**Exercise description:** Give the data below again exactly as written, but without the pictures.

BEGIN Data section

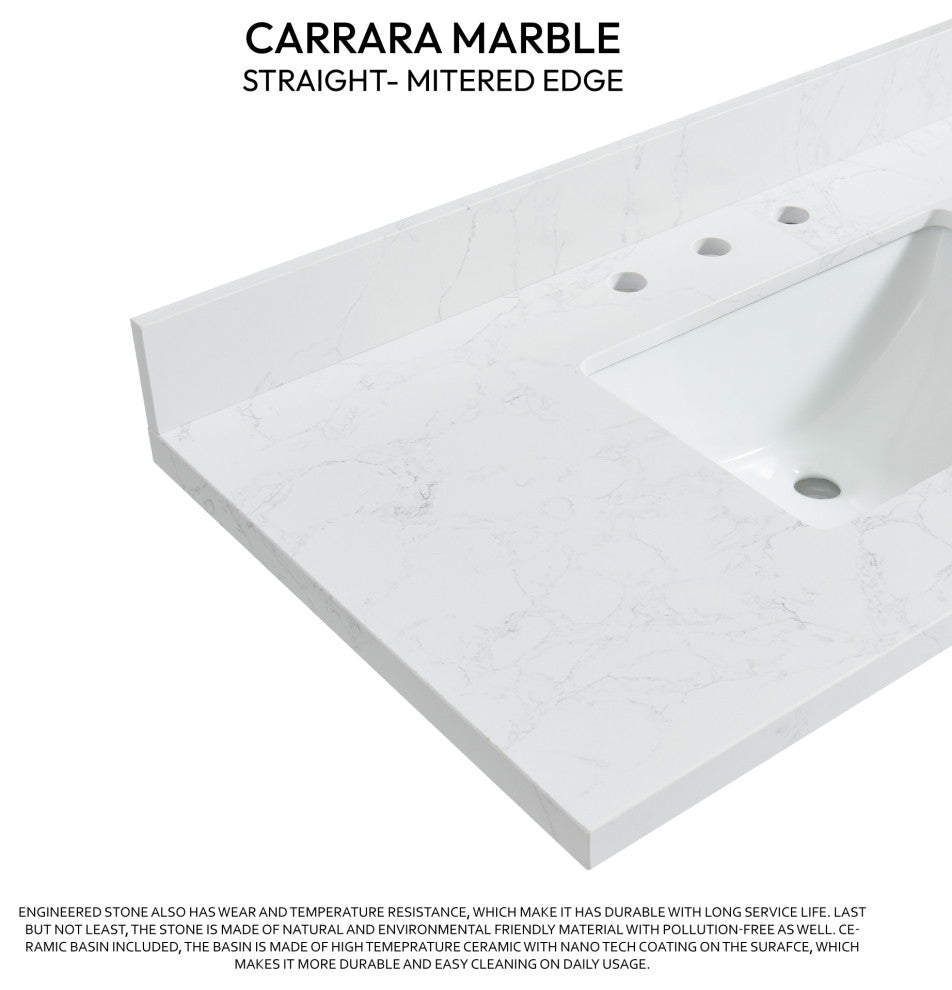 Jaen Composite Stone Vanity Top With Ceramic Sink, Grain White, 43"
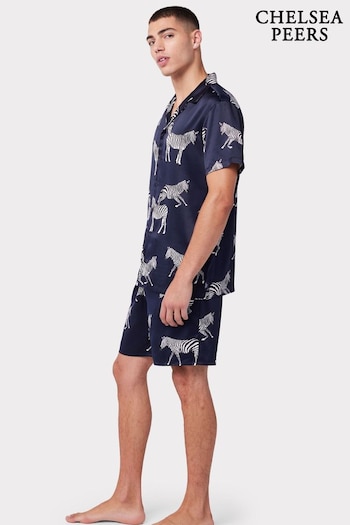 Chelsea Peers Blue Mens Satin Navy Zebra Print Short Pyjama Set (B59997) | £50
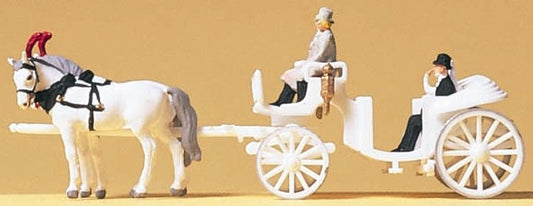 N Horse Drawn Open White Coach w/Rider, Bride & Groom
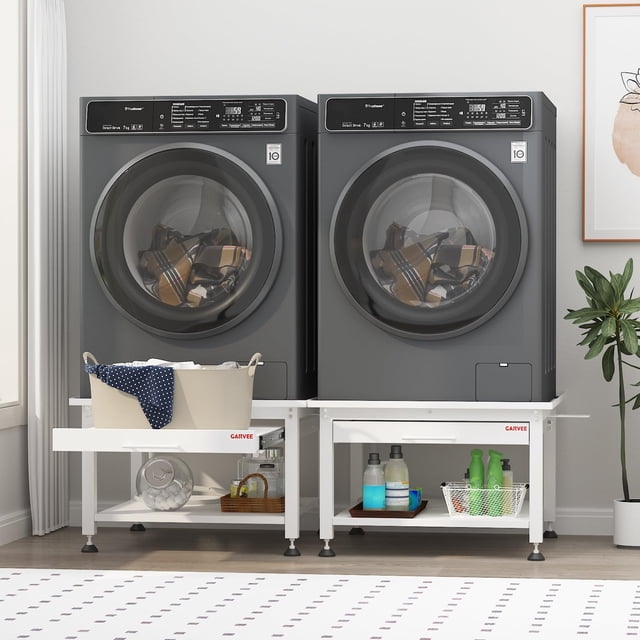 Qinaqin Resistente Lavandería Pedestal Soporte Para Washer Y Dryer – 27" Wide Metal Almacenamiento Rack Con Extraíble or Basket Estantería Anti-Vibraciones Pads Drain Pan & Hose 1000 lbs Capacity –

END Data section

**Task result:**
 Jaen Composite Stone Vanity Top With Ceramic Sink, Grain White, 43"
 Chelsea Peers Blue Mens Satin Navy Zebra Print Short Pyjama Set (B59997) | £50
 N Horse Drawn Open White Coach w/Rider, Bride & Groom
 Qinaqin Resistente Lavandería Pedestal Soporte Para Washer Y Dryer – 27" Wide Metal Almacenamiento Rack Con Extraíble or Basket Estantería Anti-Vibraciones Pads Drain Pan & Hose 1000 lbs Capacity –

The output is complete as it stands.